Letters to the Editor

    Editor:

    The A.S. debate on April 3 was a sad and pathetic display of stupidity. Brian Uiga and his group of idiots have proven that they have neither the maturity nor the self-discipline to be in any type of leadership position. He claims to want to serve one of the most prestigious universities in the nation, yet his answer to opposition is to say, “”F–k you,”” and flip off the other candidates. He claims to be the only one with brains, telling me after the debate, “”I’m a mechanical engineer. What are you? A political science major?”” He then began to dance around like a monkey, saying, “”I have the brains. I have the brains.”” Uiga has shown that he has no brains. Not once has he ever said anything of substance. He simply prefers to say “”F–k you”” to all of those that do not agree with him.

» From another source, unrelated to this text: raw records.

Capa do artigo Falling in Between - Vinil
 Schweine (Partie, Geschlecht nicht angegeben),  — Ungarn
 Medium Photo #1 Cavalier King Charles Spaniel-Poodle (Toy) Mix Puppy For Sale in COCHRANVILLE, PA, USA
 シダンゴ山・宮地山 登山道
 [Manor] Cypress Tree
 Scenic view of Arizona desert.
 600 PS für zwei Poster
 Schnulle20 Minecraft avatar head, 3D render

    Is this how he would run the A.S. meetings? By screaming obscenities and not allowing anyone else to speak? Apparently he believes that only the superior mechanical engineer mind can be put into this coveted position and people, such as political science majors, do not have enough brainpower for even the simplest of tasks. Uiga’s disgusting and pathetic display proves he has none of the so-called “”brains”” that it takes to be A.S. president. The president of Associated Students in theory should represent the student body. Do we, as students, want a dancing idiot to represent us? This coming week I look forward to voting against Brian Uiga.

    — Marissa Boren

    Eleanor Roosevelt College senior

    Campaign aims to provoke, Uiga explains

    Editor:

    This is an open letter to all persons who have found offense with my actions at the UCSD presidential debates.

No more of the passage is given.